-- Opening Marker --

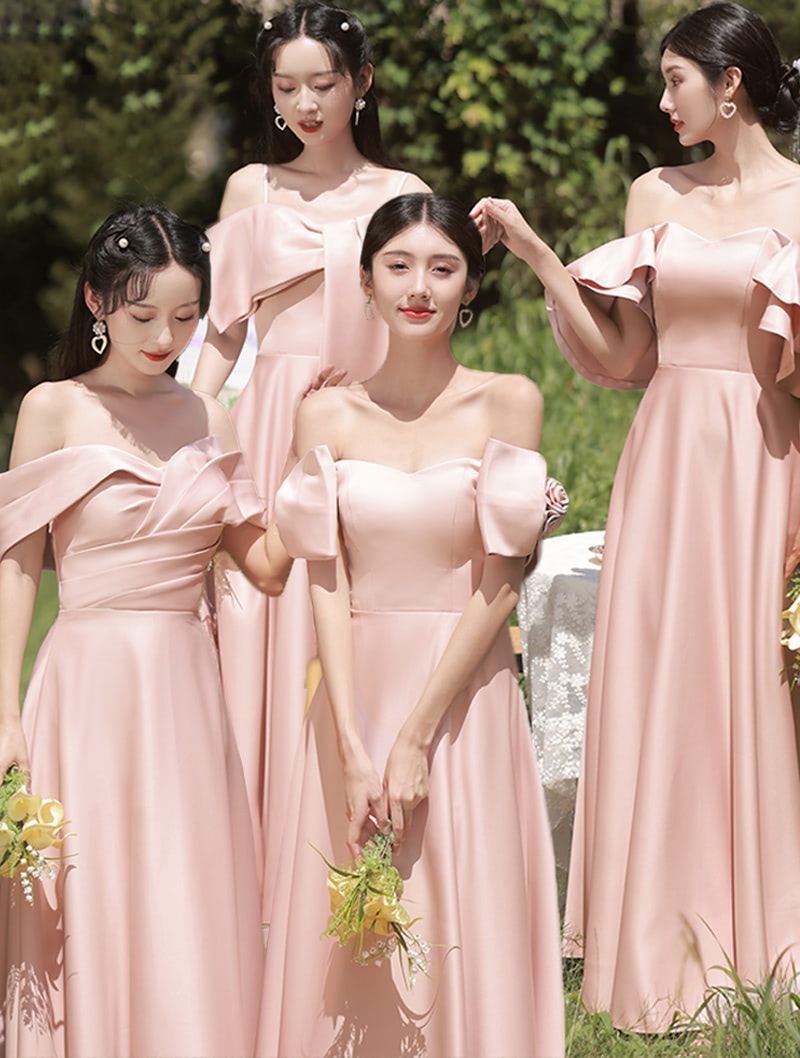 Chic Women's Pink Satin Bridesmaid Cocktail Party Formal Maxi Dress02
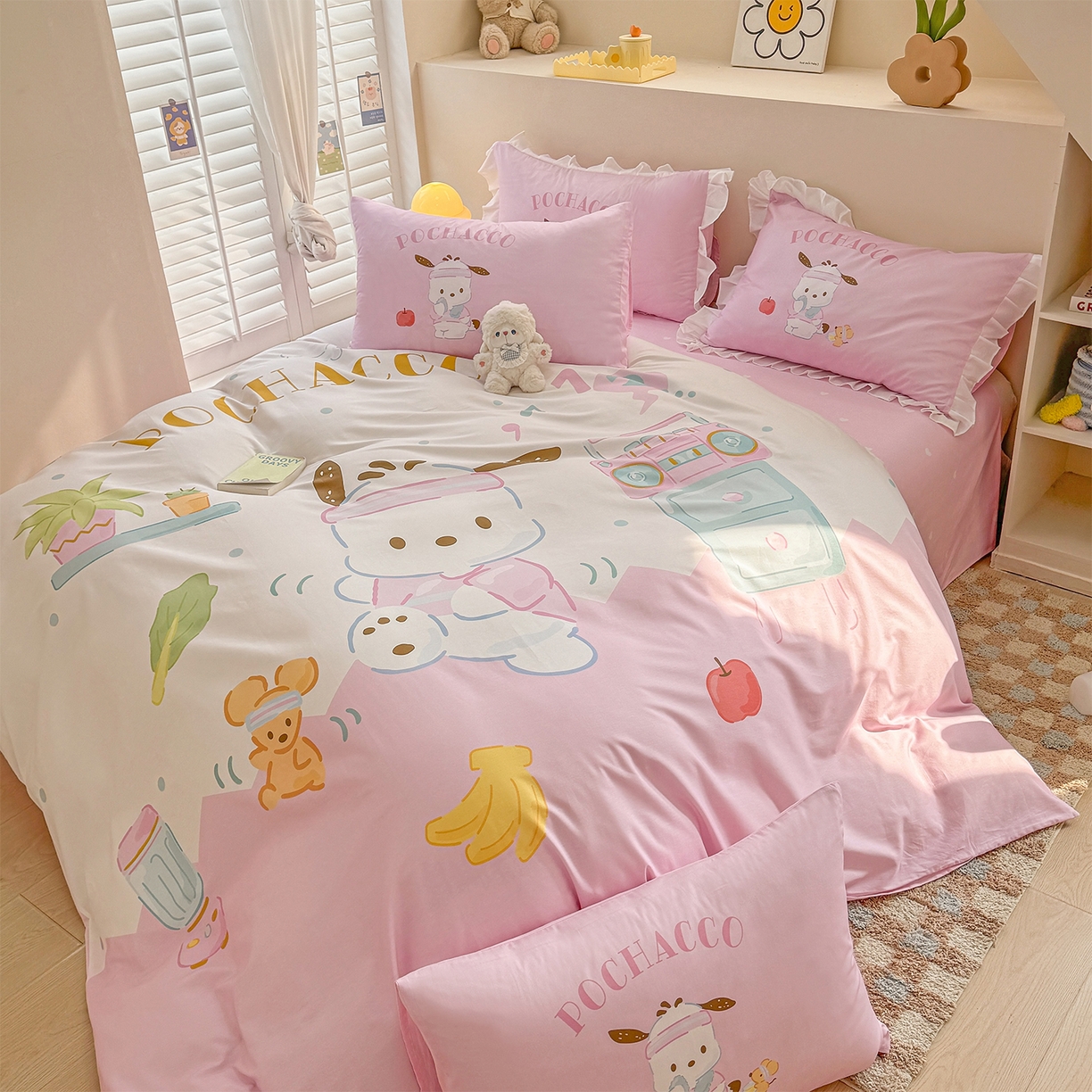 91家纺网 家纺一手货源 找家纺 玉元坊 2025新款正版授权三丽鸥系列全棉纯棉三四件套 基础款 活力帕恰狗-基础款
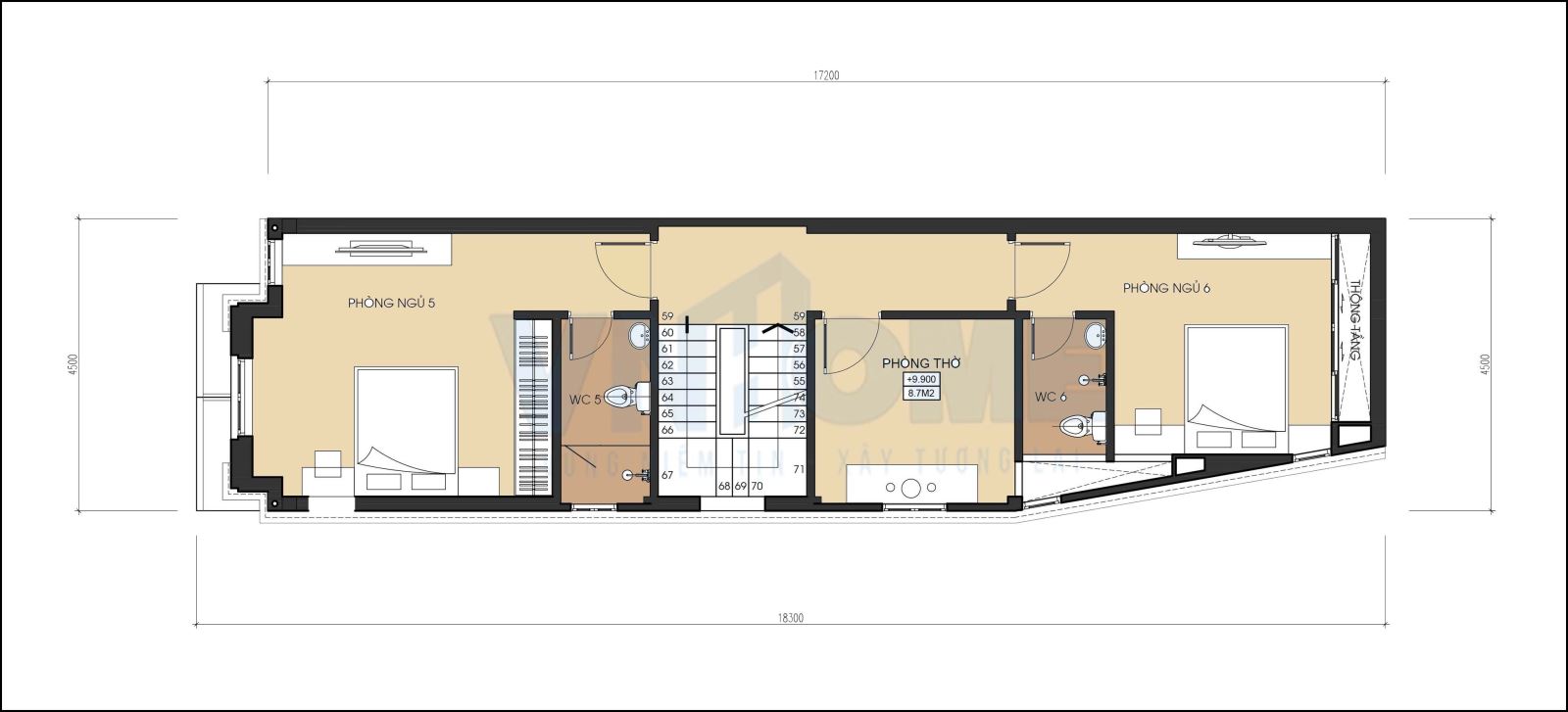 mặt bằng tầng 4 của căn nhà lô tân cổ điển 4.5 tầng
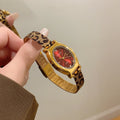 SUNLIFE leopard-print bracelet watch with burgundy dial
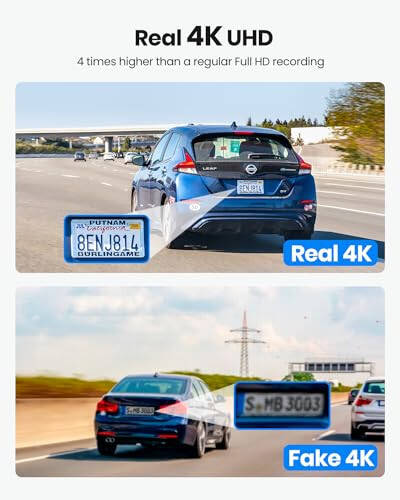 Real 4K Dash Cam Front and Rear, 5.8GHz Wi-Fi GPS, Dual Camera HDR with Top-Level Sensor, 3.3'' IPS Screen, Super Night Vision, G-Sensor, Parking Mode, Dash Camera for Cars with App, Support 512GB Max - 9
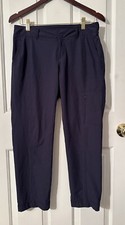 ATHLETA CLEAN 2016 Navy Lightweight Hiking Pants Zipper Lo Rise Pockets 6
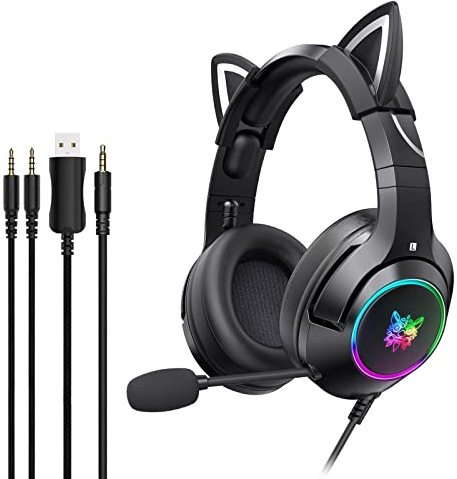 K9 3.5mm Wired Gaming Headset Removable Cat Ears Headphones Noise Canceling E-Sports Earphone mit Microphone RGB-LED-Lichtsteuerung Mute Mische für PS4 PC Laptop Smart PhoneJIANNI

-- Closing Marker --

Write out all of the data above exactly, pictures excluded.

- **Answer to this exercise**:
 Chic Women's Pink Satin Bridesmaid Cocktail Party Formal Maxi Dress02
 91家纺网 家纺一手货源 找家纺 玉元坊 2025新款正版授权三丽鸥系列全棉纯棉三四件套 基础款 活力帕恰狗-基础款
 mặt bằng tầng 4 của căn nhà lô tân cổ điển 4.5 tầng
 SUNLIFE leopard-print bracelet watch with burgundy dial
 Real 4K Dash Cam Front and Rear, 5.8GHz Wi-Fi GPS, Dual Camera HDR with Top-Level Sensor, 3.3'' IPS Screen, Super Night Vision, G-Sensor, Parking Mode, Dash Camera for Cars with App, Support 512GB Max - 9
 ATHLETA CLEAN 2016 Navy Lightweight Hiking Pants Zipper Lo Rise Pockets 6
 K9 3.5mm Wired Gaming Headset Removable Cat Ears Headphones Noise Canceling E-Sports Earphone mit Microphone RGB-LED-Lichtsteuerung Mute Mische für PS4 PC Laptop Smart PhoneJIANNI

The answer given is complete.